The t(9;22)(q34;q11) generating the BCR/ABL1 fusion gene represents the cytogenetic hallmark of chronic myeloid leukemia (CML). About 5–10% of CML cases show variant translocations with the involvement of other chromosomes in addition to chromosomes 9 and 22. The molecular bases of biological differences between CML patients with classic and variant t(9;22) have never been clarified.
In this study, we performed gene expression microarray analysis to compare CML patients bearing variant rearrangements and those with classic t(9;22)(q34;q11). We identified 59 differentially expressed genes significantly associated with the two analyzed groups. The role of specific candidate genes such as TRIB1 (tribbles homolog 1), PTK2B (protein tyrosine kinase 2 beta), and C5AR1 (complement component 5a receptor 1) is discussed.

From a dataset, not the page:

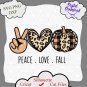 Peace love fall svg, pumpkin svg, fall svg, fall pumpkin svg, peace svg, cheetah print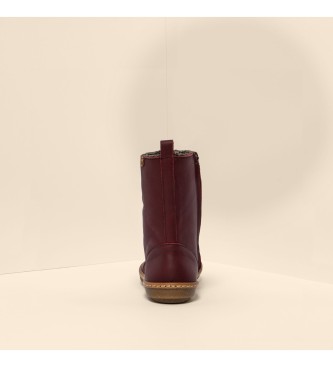 El Naturalista Leather ankle boots N5319 cherry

Our results reveal that in CML cases with variant t(9;22) there is an enhancement of the MAPK pathway deregulation and show that kinases are a common target of molecular alterations in hematological disorders.

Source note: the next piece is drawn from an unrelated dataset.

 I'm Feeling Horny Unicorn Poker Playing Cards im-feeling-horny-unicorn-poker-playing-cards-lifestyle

Keywords:Chronic myeloid leukemia; Variant t(9;22) rearrangements; Gene expression profiling; Protein kinases; Cellular pathways
Chronic myeloid leukemia (CML) is a myeloproliferative disorder derived from hematopoietic stem cell transformation and characterized by heterogeneous biological and clinical features. The CML molecular marker is BCR/ABL1 fusion gene generation as a consequence of a reciprocal t(9;22)(q34;q11) [1,2]. In most cases, the Philadelphia (Ph) chromosome is cytogenetically detectable but about 5–10% of CML patients show variant t(9;22)(q34;q11) rearrangements with the involvement of additional chromosomes [3,4]. In these cases the BCR/ABL1 fusion gene can be revealed by Fluorescence in situ hybridization (FISH) or reverse transcriptase-polymerase chain reaction . The occurrence of genomic microdeletions proximally to ABL1 or distally to BCR has been reported in CML cases with variant translocations with a greater frequency (30-40%) than in cases with classic t(9;22) (10-18%) [6,7]. The prognostic significance of variant t(9;22) was unclear and debated in the pre-imatinib era, whereas recent studies of large CML series have reported that the presence of variant translocations has no impact on the cytogenetic and molecular response or on prognosis [6,8]. However, the molecular bases of biological differences between CML patients with classic and variant t(9;22) have never been elucidated.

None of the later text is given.